-- What this task involves --
Exactly the lines from the one holding "Halsband Raven Skull Korp Skelett Skalle" through the last line of the listing below must appear in the answer, and no pictures.

Given data: Begin

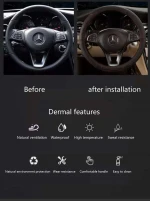 Low Price Guaranteed Quality Wheels Leather Car Steering Wheel Cover Fur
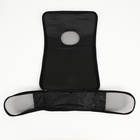 Сумка-переноска каркасная «Лапки Happy», размер М, 40×21×27 см, чёрная - Фото 8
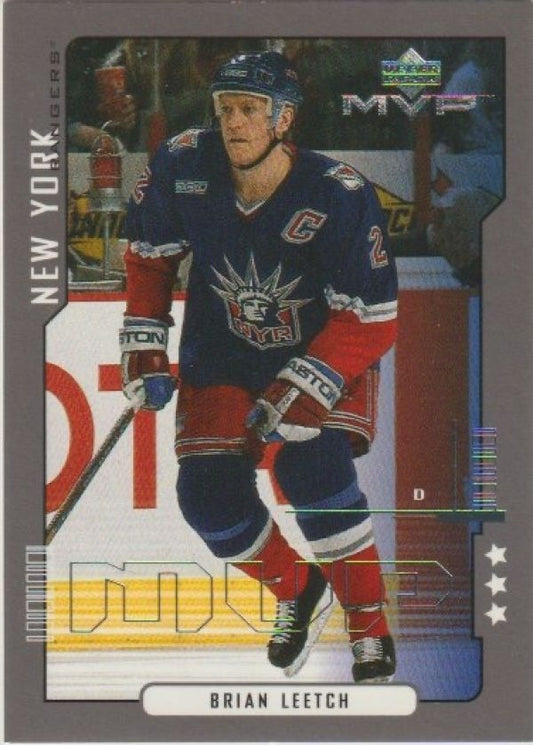 NHL 2000-01 Upper Deck MVP Third Stars - No 117 - Brian Leetch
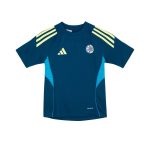 ADIDAS Blue & Yellow Kids Training Shirt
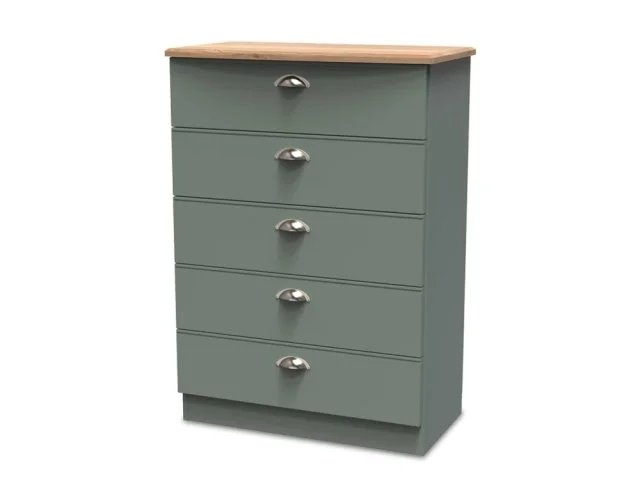 Welcome Victoria 5 Drawer Chest of Drawers Assembled thumbnail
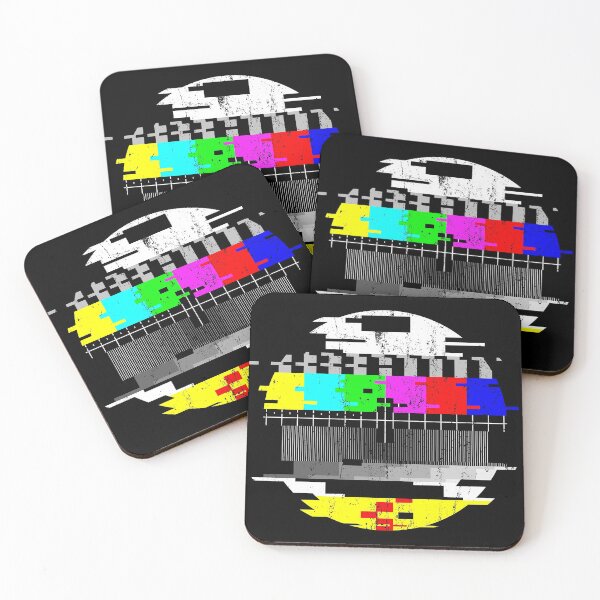 Item preview, Vintage Glitched TV Test Pattern Graphic designed and sold by MartineMeeka.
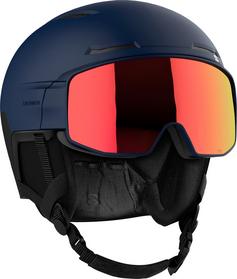 Salomon DRIVER PRO Sigma Mips Skihelm dress blue-black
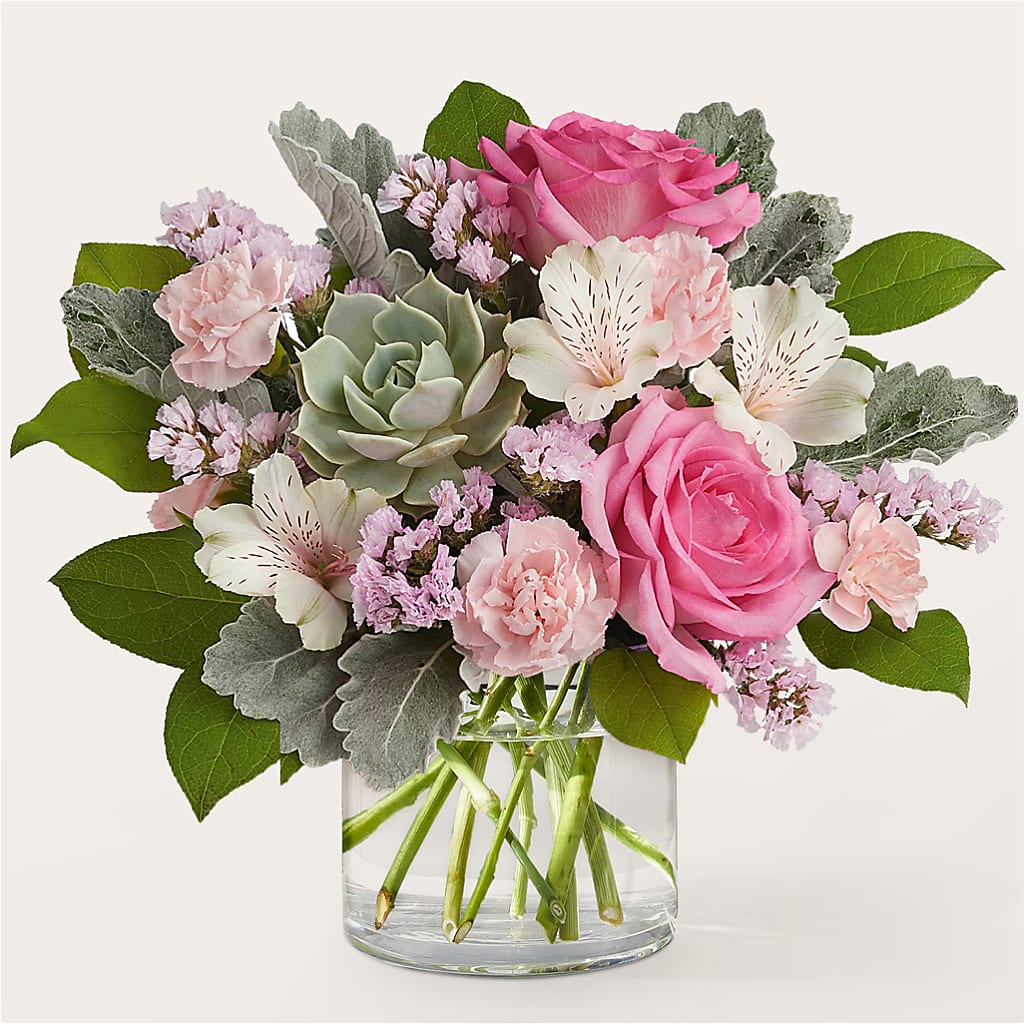 Dusty Rose Bouquet – Homestead Flower Company Inc, Homestead FL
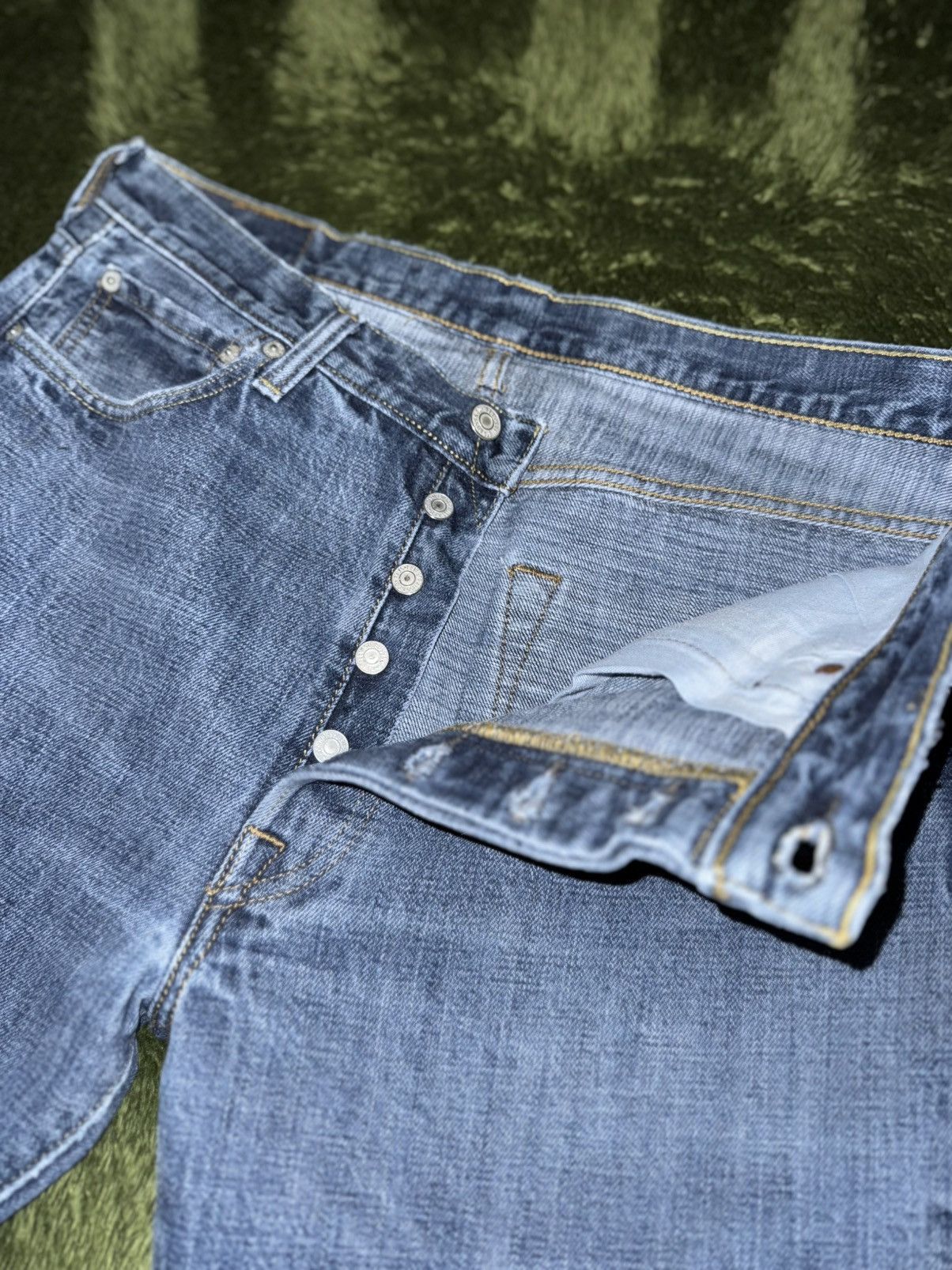 Levi's [W36/L34] Levi’s 501 Vintage Wash Cut-Off Button Fly Denim Size US 36 / EU 52 - 3 Thumbnail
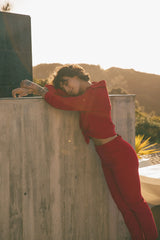 HARRISIA TROUSERS - RED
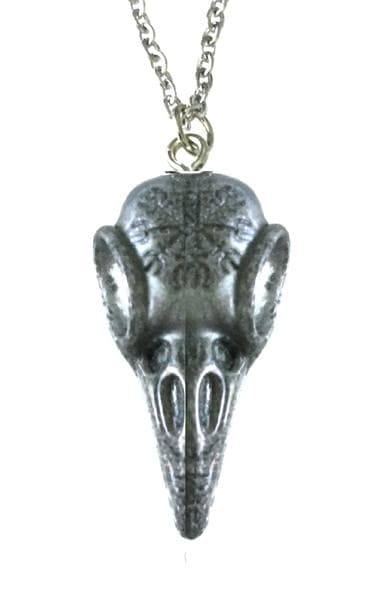 Halsband Raven Skull Korp Skelett Skalle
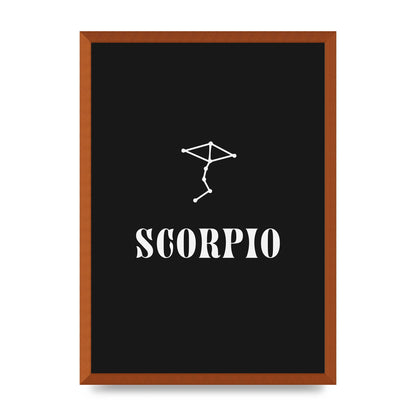 Minimalist Horoscope Star Sign Series Scorpio Art For The Home - A2 framed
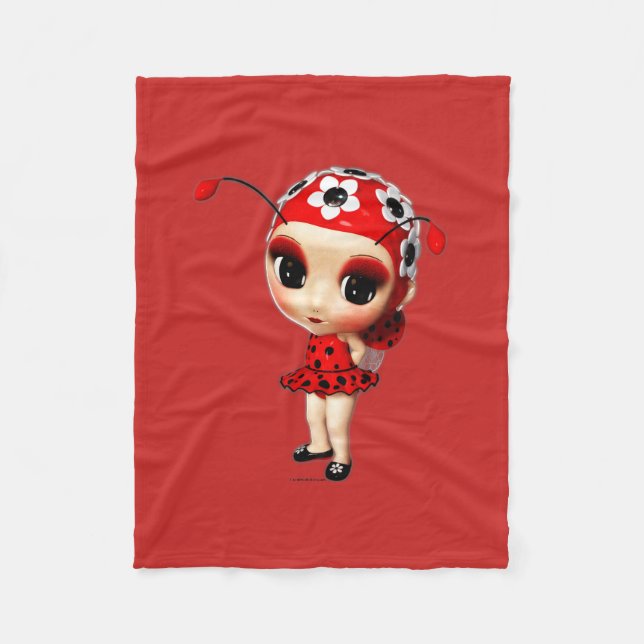 Cobertor De Velo Menina Ladybug (Frente)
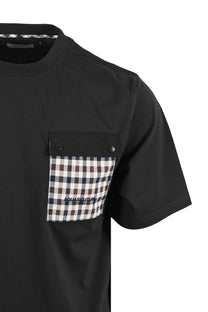 AQUASCUTUM TECH POCKET T-SHIRT BLACK Aquascutum Michael Stewart Menswear  T-Shirts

Given data: End

-- Task answer --
 Halsband Raven Skull Korp Skelett Skalle
 Minimalist Horoscope Star Sign Series Scorpio Art For The Home - A2 framed
 Cobertor De Velo Menina Ladybug (Frente)
 AQUASCUTUM TECH POCKET T-SHIRT BLACK Aquascutum Michael Stewart Menswear  T-Shirts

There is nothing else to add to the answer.